◆ **WORK ORDER**
Below are lines of records; copy exactly those from the one containing "President Obama soaking" through the one containing "Bulter with Call", leaving the pictures behind.

◆ **DATA IN THIS EXERCISE**

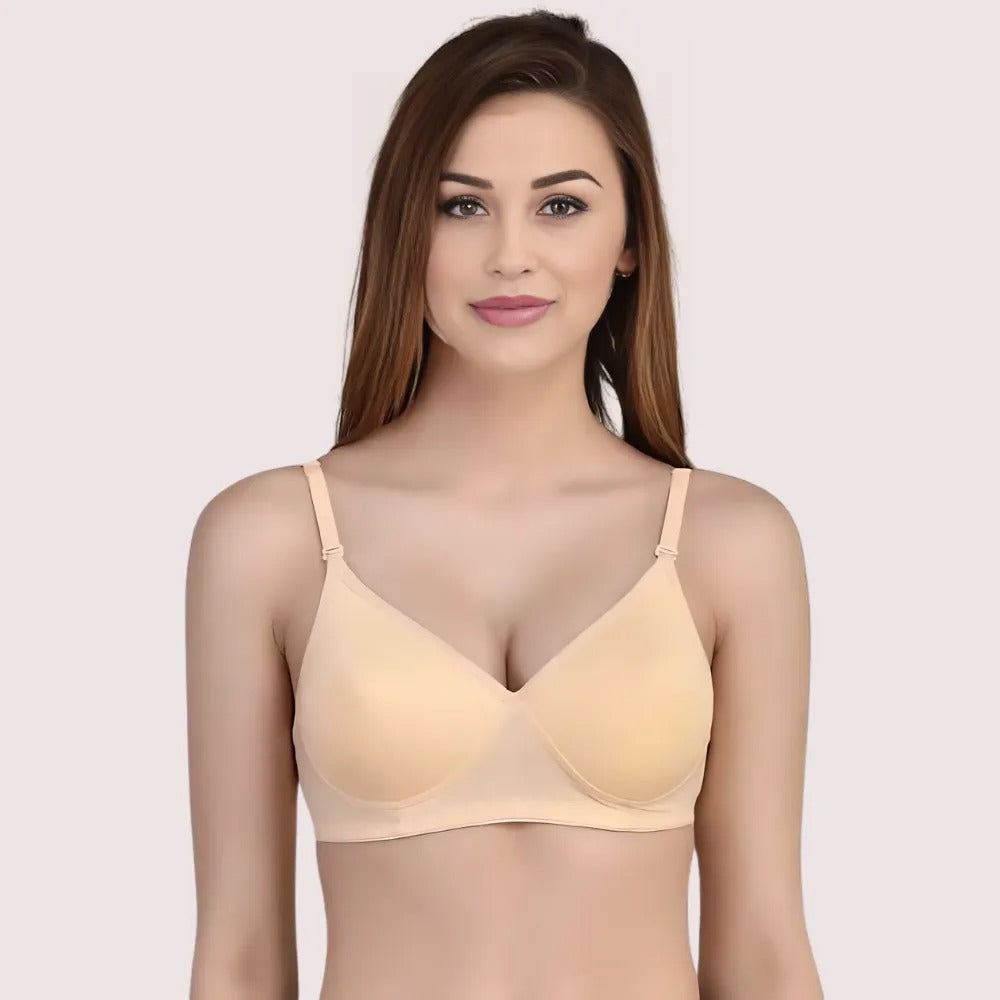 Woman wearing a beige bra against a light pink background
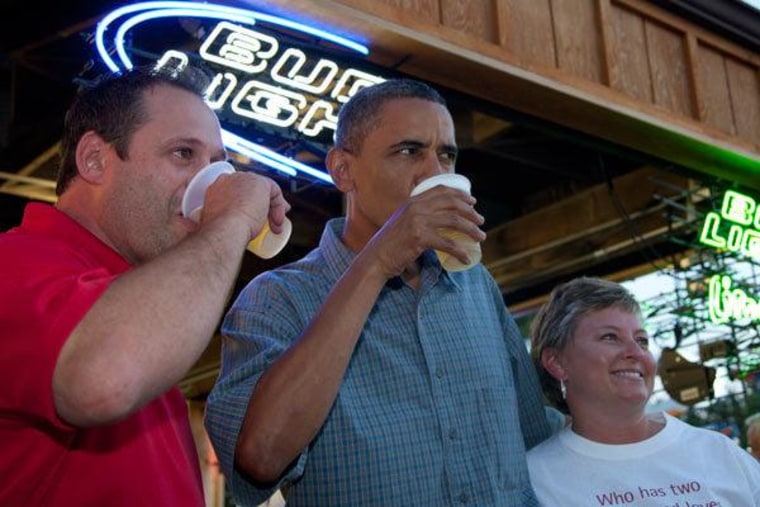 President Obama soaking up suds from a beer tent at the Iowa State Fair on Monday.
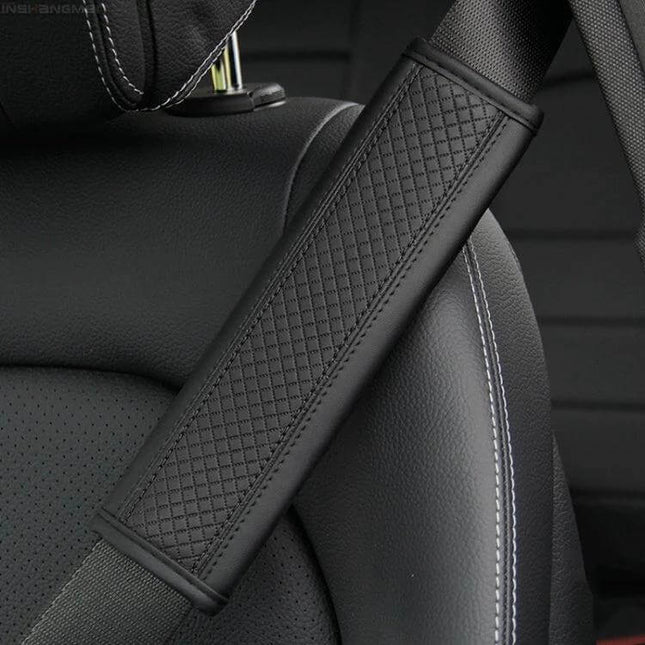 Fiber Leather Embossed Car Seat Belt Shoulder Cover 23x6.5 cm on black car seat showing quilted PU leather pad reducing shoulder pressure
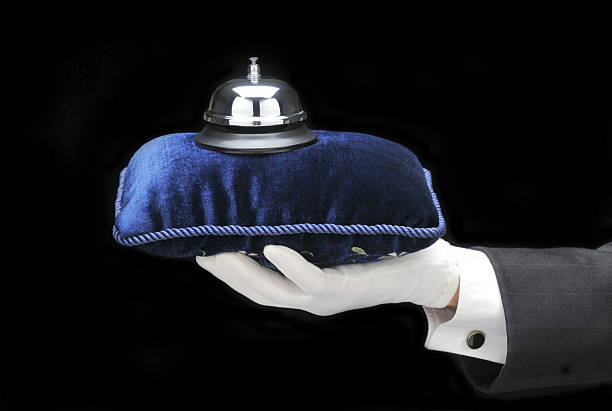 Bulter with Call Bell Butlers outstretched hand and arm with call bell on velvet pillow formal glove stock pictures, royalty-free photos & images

...

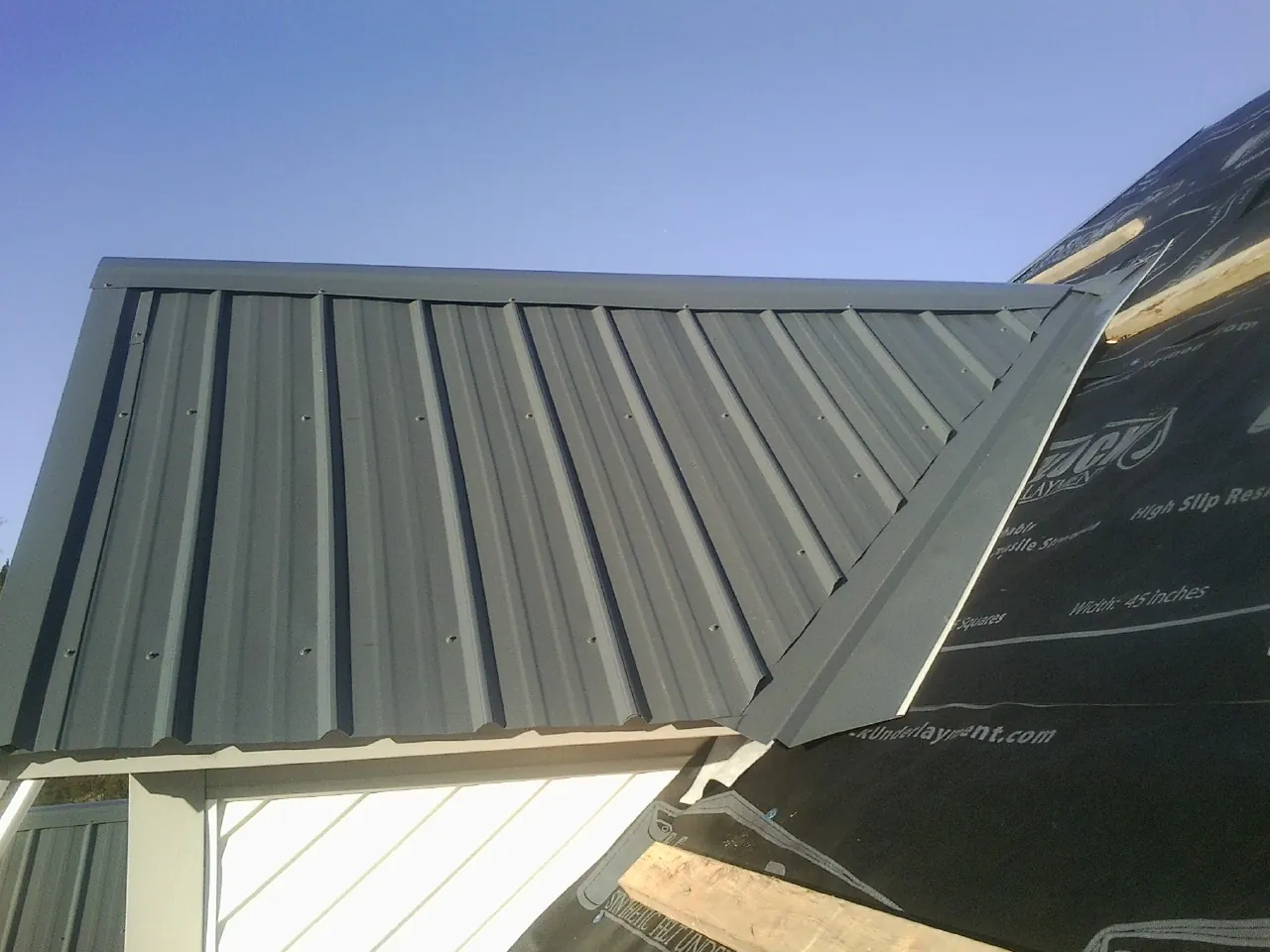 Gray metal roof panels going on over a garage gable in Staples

◆ **ANSWER FOR THE TASK**
 President Obama soaking up suds from a beer tent at the Iowa State Fair on Monday.
 Fiber Leather Embossed Car Seat Belt Shoulder Cover 23x6.5 cm on black car seat showing quilted PU leather pad reducing shoulder pressure
 Bulter with Call Bell Butlers outstretched hand and arm with call bell on velvet pillow formal glove stock pictures, royalty-free photos & images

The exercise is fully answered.